Solves the 0/1 knapsack problem to maximize total score within the exact token budget. Finds the globally optimal subset, not just the greedy-best.
const result = await pack(chunks, {
budget: 4000,
strategy: 'knapsack',
})For budgets exceeding 5,000 tokens, the knapsack strategy automatically falls back to greedy to avoid excessive memory and computation costs.

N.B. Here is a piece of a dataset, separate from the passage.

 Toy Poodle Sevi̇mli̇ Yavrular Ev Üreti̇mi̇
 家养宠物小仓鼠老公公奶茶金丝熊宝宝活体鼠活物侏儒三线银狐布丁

Supply your own selection function.
const result = await pack(chunks, {
budget: 4000,
strategy: 'custom',
customStrategy: (candidates, ctx) => {
// Select only high-confidence chunks
return candidates.filter(c => c.score > 0.8)
},
})The customStrategy function receives the full candidate list (after redundancy filtering) and a StrategyContext. It must return the subset of ScoredChunk objects to include.
Chunks are output in the order determined by the selection strategy (score descending for greedy).
Places the highest-relevance chunks at the beginning and end of the context, with lower-relevance chunks in the middle. This counters the "lost-in-the-middle" effect where LLMs underweight information in the middle of long contexts.
const result = await pack(chunks, { budget: 4000, ordering: 'u-shaped' })Sorts chunks by metadata.timestamp ascending. Useful for time-sensitive contexts where temporal order matters.
const result = await pack(chunks, { budget: 4000, ordering: 'chronological' })Requires metadata.timestamp (numeric) on each chunk.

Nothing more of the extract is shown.